Aims & Scope

Photocatalysis as a scientific journal aims to serve to the research community by promoting the advance in the understanding, materials, processes, applications, and technological development of photocatalysis as a field. Key aims and scope could include:

1. Promote Fundamental Research
   • Advance understanding of photon-matter interactions and charge carrier thermodynamics and dynamics.
   • Establish the fundamental principles of photocatalysis, including reaction mechanisms, kinetic models, material properties and their relationship with photocatalytic activity.
2. Material Development and Innovation
   • Description of advanced and innovative photocatalytic materials, their structuration at various length scales, their combination forming junctions and hybrid systems.

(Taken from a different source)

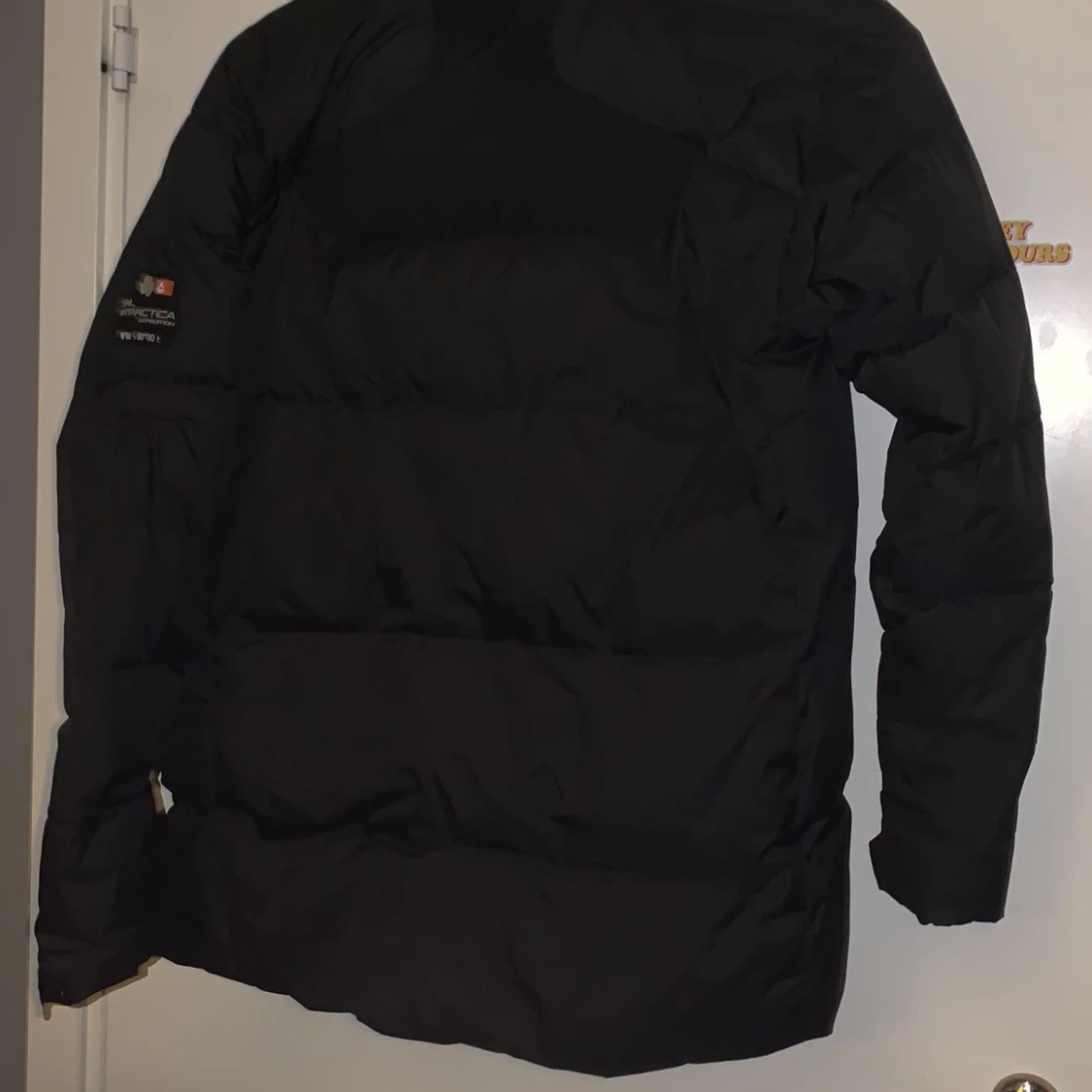 Sail racing jacka - 90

   • Development of novel synthetic methods to improve material efficiency and stability, meeting the principles of sustainability and environmental benignity.

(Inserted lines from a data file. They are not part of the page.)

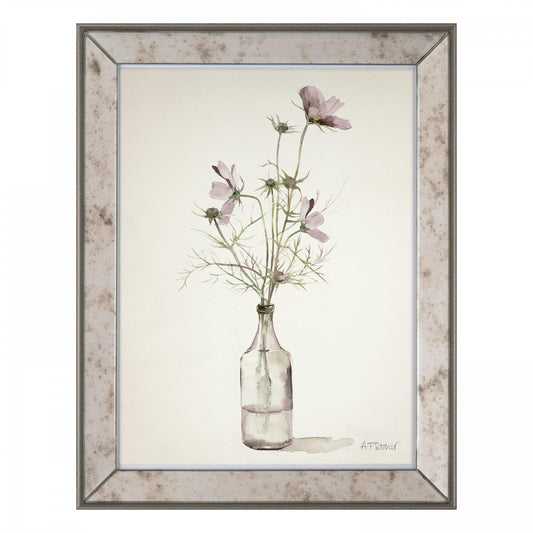Cosmos Framed Art
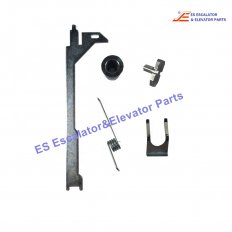 FCA288BB1 Elevator Mergency Lock Set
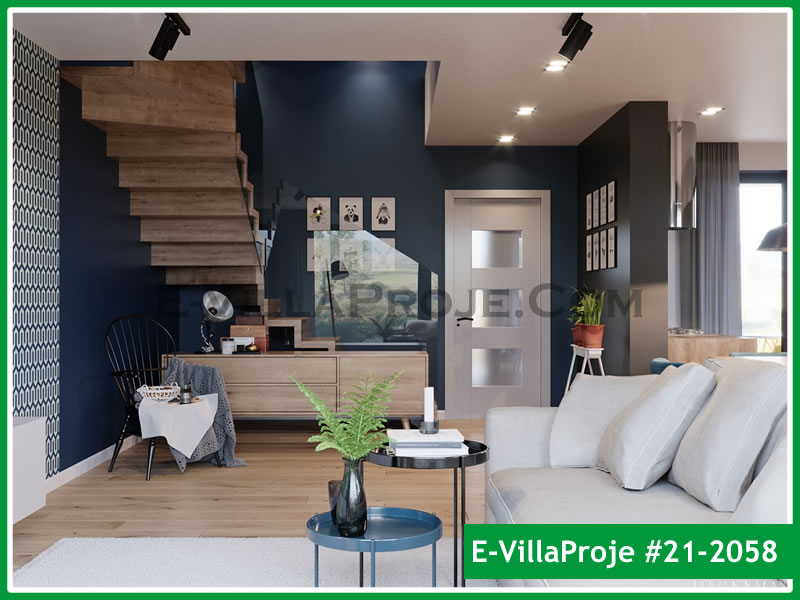 Ev Villa Proje #21 - 2058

3. Applications in Energy and Environment
   • Support research on photocatalytic processes and applications for clean energy production, such as hydrogen evolution, photocatalytic overall water splitting, CO₂ reduction, nitrogen fixation, two-electrons oxygen reduction and other solar fuels.
   • Report on innovative environmental applications going beyond the state of the art, including water and wastewater treatment, air purification, and pollutant degradation.

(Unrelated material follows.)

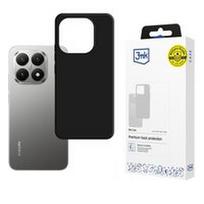 xiaomi 15t deklas - Xiaomi 15T 5G 3mk Matt Case - Juodas (Black) - 1 nuotrauka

   • Light-assisted biomass upgrading.
4. Technology and Scale-up
   • Encourage research on scaling up photocatalytic systems for industrial or commercial use, providing life cycle analyses and techno-economical assessments showing the advance of the photocatalytic process respect to alternative technologies.
   • Address challenges such as reactor design, various ways to use natural solar light and innovative light sources, use of light to improve energy efficiency and cost-effectiveness of processes.
5. Multidisciplinary Research
   • Application of artificial intelligence, computational chemistry on models to understand and predict efficient photocatalytic systems.
   • Use of in situ and operandotechniques to detect and characterize transient excited states and reaction intermediates, providing evidence on operating reaction mechanisms.
   • To become a platform for interdisciplinary studies, combining physics, engineering, catalysis, materials science and high-throughput techniques.
6. Encourage Sustainability
   • Examples showing photocatalysis as a technology to reduce the carbon footprint of established processes and improving resource efficiency and recycling.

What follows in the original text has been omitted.